25 Ağustos 2012 Cumartesi

Ursula LeGuin - Hep Yuvaya Dönmek

En bi çok sevdiğim yazarlardan Ursula LeGuin, hayalgücünün doruklarında kendi Silmarillion'unu yazmış bu kitapda. Felaket sonrası Kaliforniya'sında konumlandırdığı Keş toplumu aracılığıyla doğayla bütünleşmiş, ilerlemeciliği reddeden, anarşizme, Taoculuğa ve Amerikan yerli kültürlerine referanslarla dolu bir tahayyül sunuyor. Kitabın ufak bir bölümünü teşkil eden ana bir hikaye var aslında. Başkarakteri toplumun öğretilerine karşı gelerek savaşçı Akbaba klanındaki babasının yanına göndererek, yazar tektanrıcı, kadını eve hapseden, fetihleri ve yayılmacılığı teşvik eden bir karşı-toplumla kıyas yapmaktan kendini alıkoyamyor. Diğer kitaplarından biliyoruz ki, bu çok sevdiği ve sık sık kullandığı bir teknik. Kurguladığı toplum alışageldiğin o kadar uzağında kültürel olgulara sahip ki, sosyoloji ya da antropoloji gibi bilim dalları yanında zayıf kalıyor, eebiyatın gücünü tarihi bir kayıt incelermişçesine hissediyorsunuz. Yine tabularla ki bunu dini öğelerden arındırıyor yazar, dolu bir hayat sürdüren Keş toplumu, (ki bunu da anlamıyorum anarşizmin serbestiliği veri iken) insanları doğadaki hayvan ya da ağaçtan hatta taştan farklı bir yerde konumlandırmıyor. Bu yüzden yazarın pek sevmediğim mekanik anlatım tarzı acımasız bir duygu eksikliğine döünüşüyor. Ki karakterin kendini yetiştirmede büyük bir katkısı olan büyükannesi öldüünde gösterdiği tavrın zayıflığı bir örnek. Günümüz toplumunda zoraki gelişmiş olan merhamet ve yardımlaşma (ne kadar gerçekleşiyor, onu tartışmıyorum) bu ütopik toplumda rahatsızlık verici bir etkide eksik görünüyor. Diğer yönden şehir insanının ölüm, aşk, işsizlik gibi travmatik sonuçlara neden olabilecek travmaların kırsalda ne akdar kolay bir kabullenişle geçiştirildiğine de belki tanık olmuşsunuzdur. Doğaya yakınlık sebebiyle olabilir...

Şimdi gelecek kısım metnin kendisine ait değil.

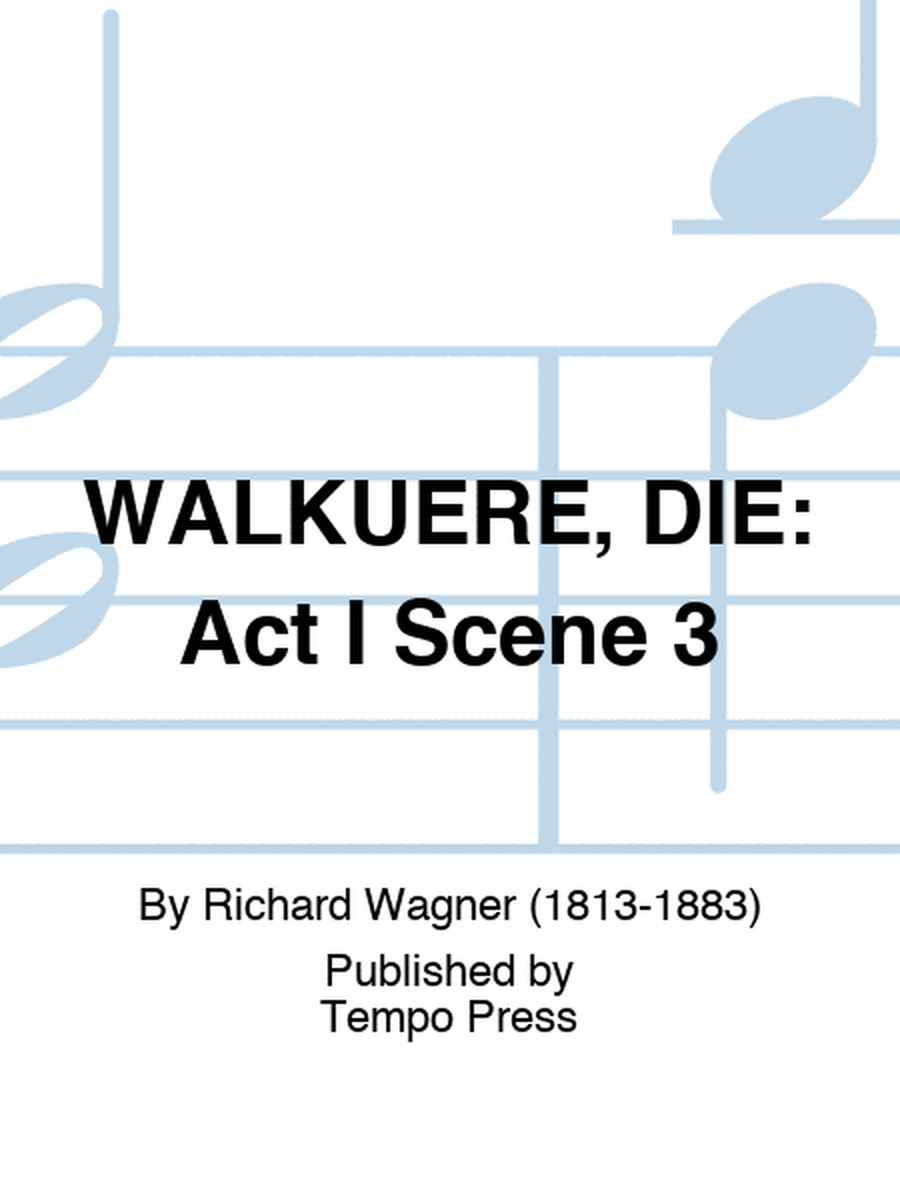 WALKUERE, DIE: Act I Scene 3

Kitabın geri kalan kısmında şiirler, öyküler, toplumun gelenek ve görenekleri ile ilgili makaleler, alfabe ve dil konusunda metinler ağırlık kazanıyor. Zamanın döngü şeklinde aktığı bir toplumun gelecek arkeolojisi içinde  yerinizi ayırtmanın kolay yolu bu kitaba bir göz atmak olacak. Uyarayım, gözatmayı geçip okumaya karar verdiğinizde zorlu bir sürece adım atmış olacaksınız.